Wednesday, July 20, 2005

LCD Makers May Woo Investors With Sector's Improved Outlook

By EVAN RAMSTAD Staff Reporter of THE WALL STREET JOURNAL July 20, 2005

It may be time to put a wager on the flat screen.
As flat-screen TVs get cheaper and more popular, it's tough to decide when to invest in their makers. Like other high-tech manufacturers, these companies experience volatile swings in profitability. The sector saw a longer-than-usual period of healthy profits a year ago -- which collapsed by this year's first quarter, when some manufacturers of the main screen component reported losses.
But profits are heading back up, and the overproduction fears that weighed on the industry last year have greatly eased. Investing when one senses a bottom has been reached makes sense in all cyclical industries, and some institutional investors jumped back into the flat-screen sector at the first signs of a turnaround, in January and February.

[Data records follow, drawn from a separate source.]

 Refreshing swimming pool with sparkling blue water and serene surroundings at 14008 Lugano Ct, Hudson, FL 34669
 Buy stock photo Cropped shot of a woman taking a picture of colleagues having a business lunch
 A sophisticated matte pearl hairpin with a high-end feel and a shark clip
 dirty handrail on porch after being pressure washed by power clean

Today, the recovery appears even more solid, particularly in liquid-crystal-displays -- the largest segment with screens that go into cellphones and computers as well as TVs -- and is likely to last into 2006, giving more investors a chance to ride the cycle upward.

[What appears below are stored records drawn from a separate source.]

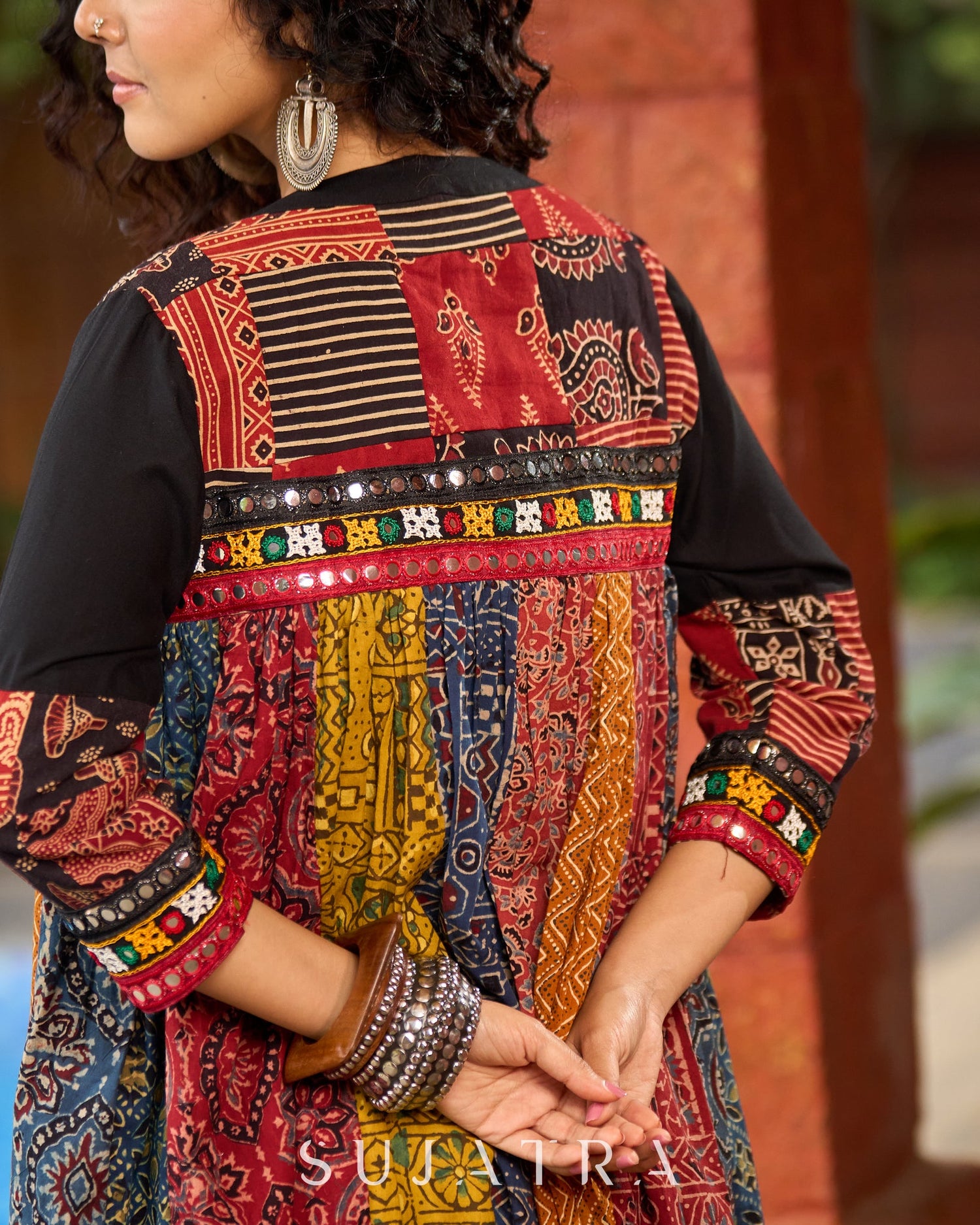 Black Rayon Double-Flared Sleeveless Dress with Mirror Work Embellishments  -  Patchwork Ajrakh Jacket Additional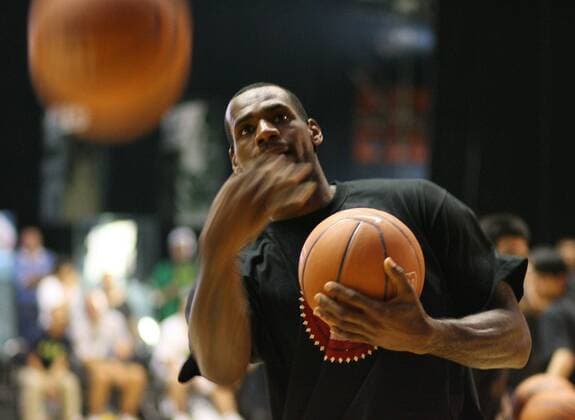 BEIJING, NBA, Aug. 24, 2009 LeBron James of the Cleveland Cavaliers tosses basketballs to the audience at the end of a promotional event in Beijing August 24, 2009. James is in China on a worldwide tour to promote a product and to offer grass-roots basketball activities. (Xinhua Meng Yongmin) 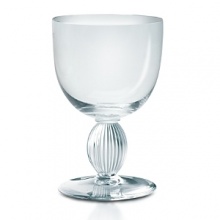 Detailed with Lalique's signature touch - a swirl of frosted glass on the stem. Shown from left to right: carafe, pitcher, flute, goblet, wine glass, small wine glass. Detailed with Lalique's signature touch - a swirl of frosted glass on the stem. Shown from left to right: carafe, pitcher, flute, goblet, wine glass, small wine glass.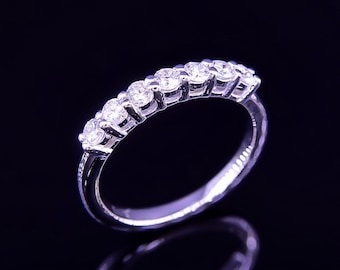 May include: A silver band with a row of clear round diamonds set in a half-circle shape.
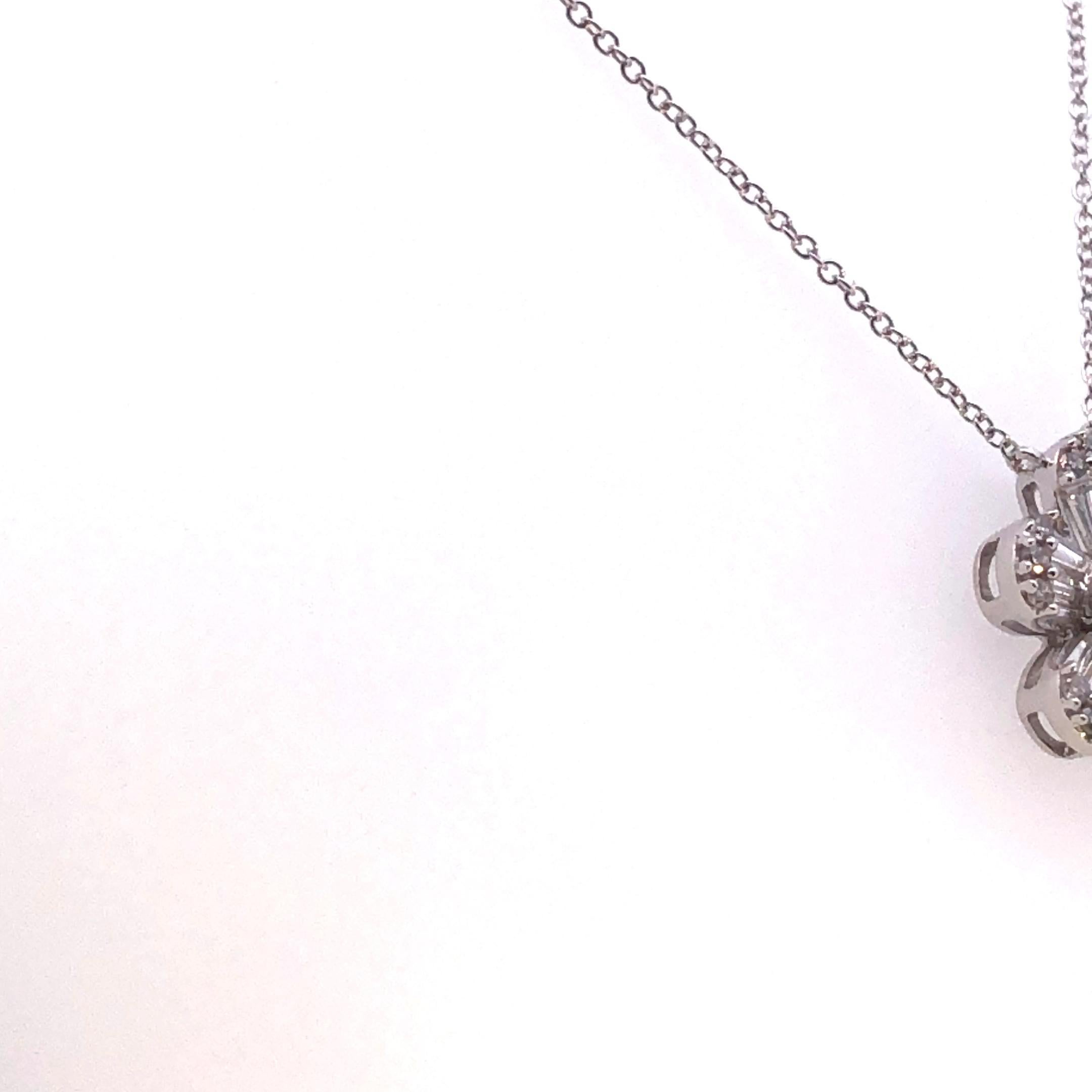 Simbolo di eleganza e grazia, questo ciondolo a fiore con diamanti tondi e baguette è una dichiarazione mozzafiato di bellezza senza tempo. Realizzato in oro bianco 14 carati, questo pendente presenta un motivo floreale meticolosamente disegnato,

"We are entering a period of rapid margin expansion and profit gains," says Chong Kim, an analyst in Seoul for CLSA Asia-Pacific Markets who follows makers of flat-screen components. "That's without question. The accent will be on the scope and magnitude, but not the direction."
Shares of LG.Philips LCD, this year's sales leader in LCD screens by revenue, soared 40% in the first four months of 2005. They have declined since then, but are still up 22% for the year. Shares in other big panel makers, Taiwan's AU Optronics and Chi Mei Optoelectronics, are up 20% so far this year.
Frank Lee, a Deutsche Bank analyst in Taipei, said Friday in his latest monthly report on the industry that he expects LCD-related shares to move still higher as investors price in expectations for better profits in the second half of the year.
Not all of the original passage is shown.